Do not go to GNOME Gitlab for: Bluefish, Doxygen, GnuCash, GStreamer, java-gnome, LDTP, NetworkManager, Tomboy.
Bug 787228 - better support for designate-other-coding-system (DOCS)
better support for designate-other-coding-system (DOCS)
Status: RESOLVED OBSOLETE
Product: vte
Classification: Core
Component: general
unspecified
Other All
: Normal enhancement
: ---
Assigned To: VTE Maintainers
VTE Maintainers
Depends on: vteparser
Blocks:
 
 
Reported: 2017-09-03 23:04 UTC by Mike Frysinger
Modified: 2021-06-10 15:24 UTC
See Also:
GNOME target: ---
GNOME version: ---



Description Mike Frysinger 2017-09-03 23:04:59 UTC
unless i'm misreading the vte source, it currently recognizes (but then ignores) these sequences:
- \e%@ - switch to ECMA-35/ISO-2022 mode
- \e%G - switch to UTF-8 mode

ideally it would use these as a signal to control things like GL/GR maps.  specifically, if in UTF-8 mode, GL/GR maps would be ignored completely.  this would prevent accidental switching to graphics maps by LS1/LS0/SCS/etc... sequences (the common "my terminal is corrupted" complaint).

even better would be to support the one-way transition sequences:
- \e%/G - one-way switch to UTF-8 level 1
- \e%/H - one-way switch to UTF-8 level 2
- \e%/I - one-way switch to UTF-8 level 3
i believe VTE already (or at least intends to) support UTF-8 level 3, so making them aliases for each other should be fine.  basically these would be like \e%G, except \e%@ would be ignored after the fact.

even better would be to make the initial mode a configuration option, and by default, VTE starts off in UTF-8 mode.  or maybe does so by detecting the active locale (if it's a Unicode env, default to UTF-8).

mosh mentions this in their tech page:
  https://mosh.org/#techinfo
  Only Mosh will never get stuck in hieroglyphs when a nasty program writes to the terminal.

it also refers to Markus Kuhn's page:
  http://www.cl.cam.ac.uk/~mgk25/unicode.html#term
Comment 1 Egmont Koblinger 2017-09-04 00:04:59 UTC
(In reply to Mike Frysinger from comment #0)

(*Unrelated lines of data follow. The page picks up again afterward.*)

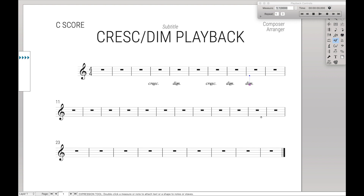So that's it for today — that's how you make crescendo and diminuendo play back correctly in Finale. If you found this video helpful, make sure to hit the like button below. Each week I post a new video about how to use Finale to its fullest, so if you don't want to miss out, make sure to hit the subscribe button and ring the bell so you get notified each time a new video comes out.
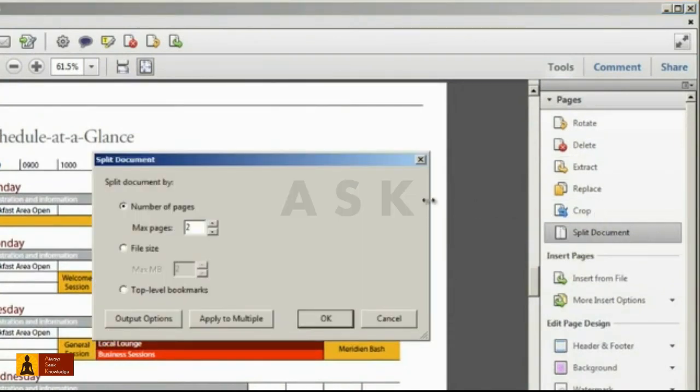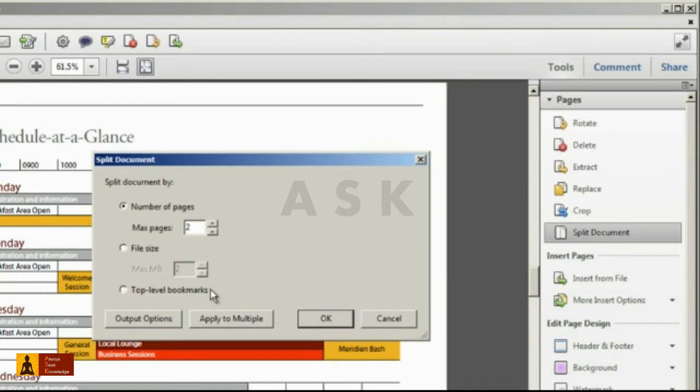Now this dialog allows you to control the split by the number of pages in a file, file size, or by top-level bookmarks. So let's say I'd like to split my document into three page increments, so I'll select three pages in the Max Pages entry.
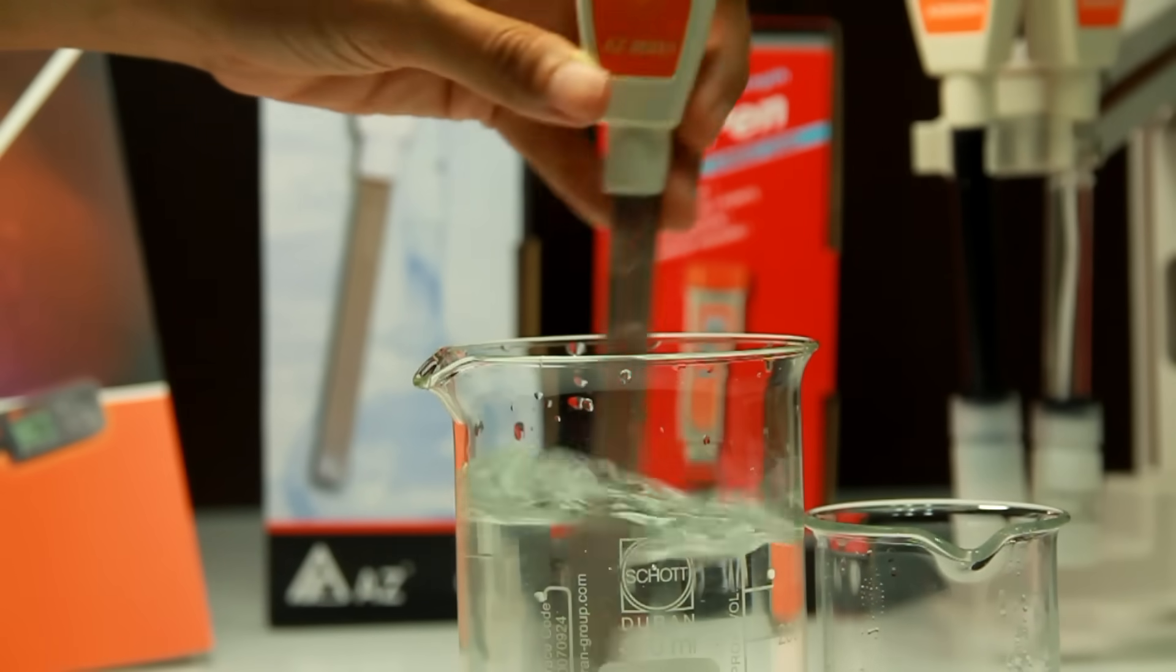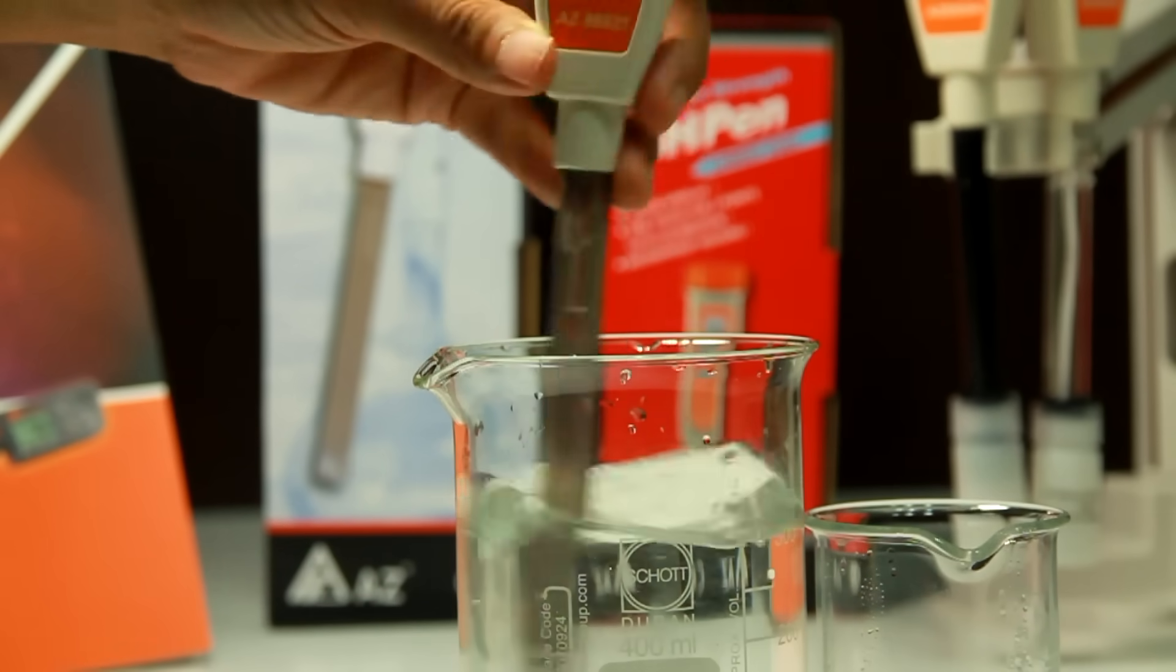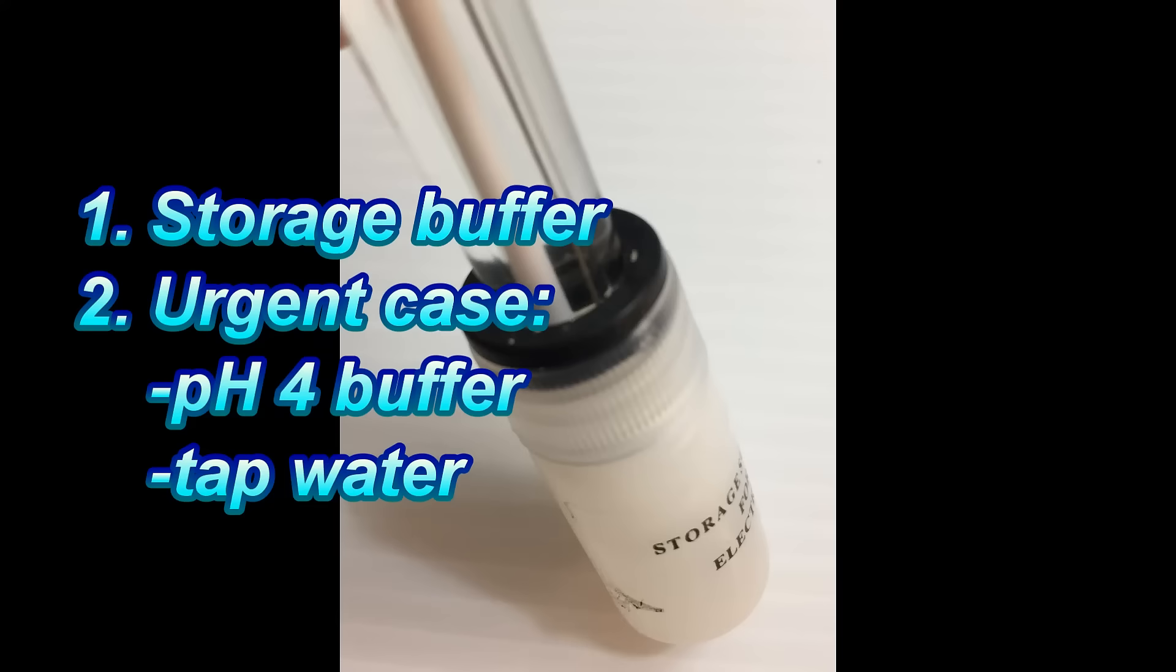After cleaning procedure, always remember to use storage buffer to keep electrode wet. For emergency case that storage buffer could not be acquired immediately, use PH4 buffer or tap water for temporary storage.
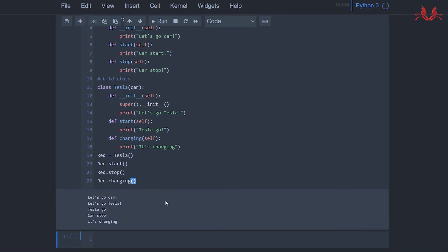Then we call the `charging` function and execute it — it outputs 'it's charging'. Today we have talked about the inheritance of class. If you like this video please give a thumbs up, share this video, and subscribe. See you next time!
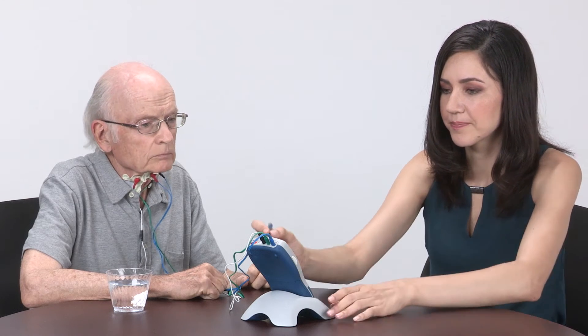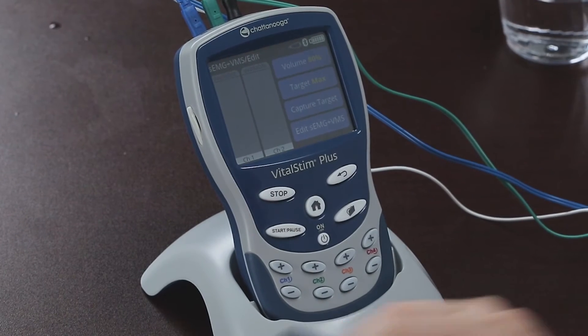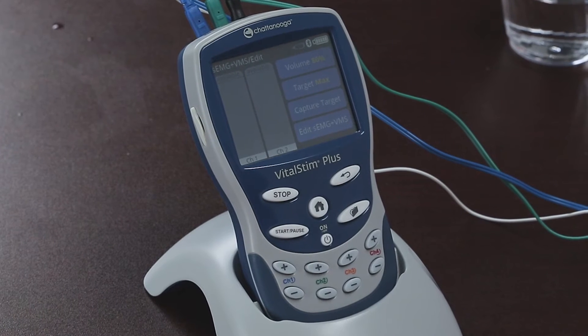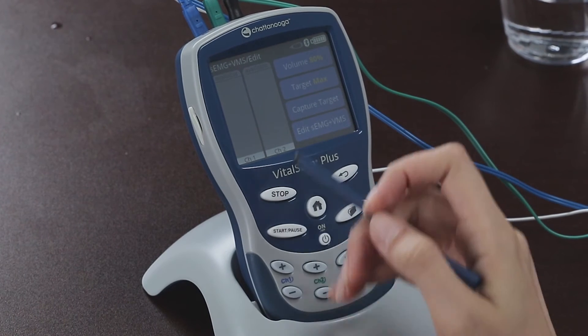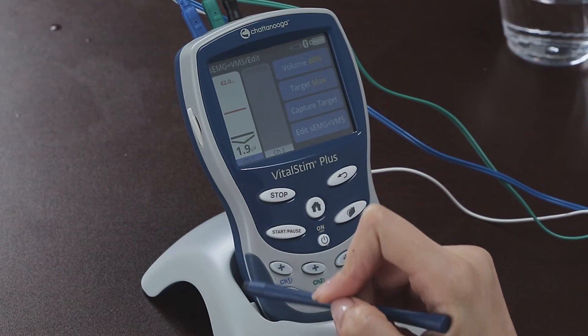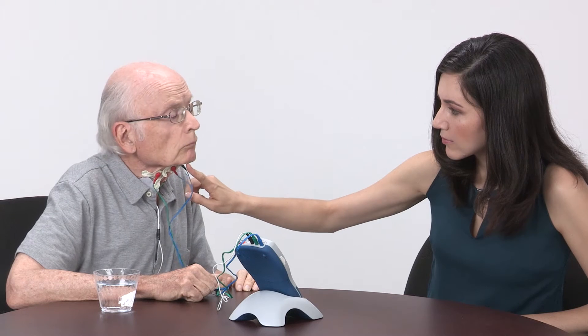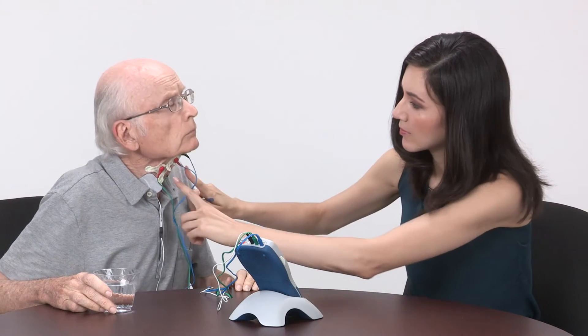Press the gears icon — the settings button — to edit these settings. First, make sure that channel 1 is connected to the triggering muscle group; in this instance it will be the geniohyoid. This is where we want to focus the patient's attention. Channel 2 will be delivered to the thyrohyoid muscles — this is where the stimulation will be delivered.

> unless i'm misreading the vte source, it currently recognizes (but then
> ignores) these sequences:
> - \e%@ - switch to ECMA-35/ISO-2022 mode
> - \e%G - switch to UTF-8 mode

That's right. Support for runtime encoding switching via escape sequences was removed recently as part of a cleanup/buxfixing spree, see bug 731208 & bug 732586 (and a tiny followup bug 777747). The encoding (i.e. charset) can only be changed via gnome-terminal's profile prefs and menu entries, that is, via VTE's API. (Plus there's the internal state about those few maps, box drawing mode etc.)

> even better would be to support the one-way transition sequences:

I never understood the philosophy of these one-way transitions. I mean, there must be a way to revert what happened. Obviously opening a new terminal tab and closing the current one does that. How about the Reset menu entry, should that revert? I guess so, I think that's what the user expects. How about the "reset" command? I don't think it should, otherwise it wouldn't be called one-way transition if an escape sequence could revert it, would it? And then would it be fine for users if these two did something different? I don't think so. Oops... What was the case with hardware terminals? Did they revert on a physical power off only? (I guess you didn't have to throw them out and buy a new one :-))

Anyhow, further input/research is needed for me on this as well as the LS1 etc. stuff you mentioned.

Our current code is quite simple'n'stupid here (we put quite some effort into killing bugs by simplifying), the modification you suggest would make it more complicated.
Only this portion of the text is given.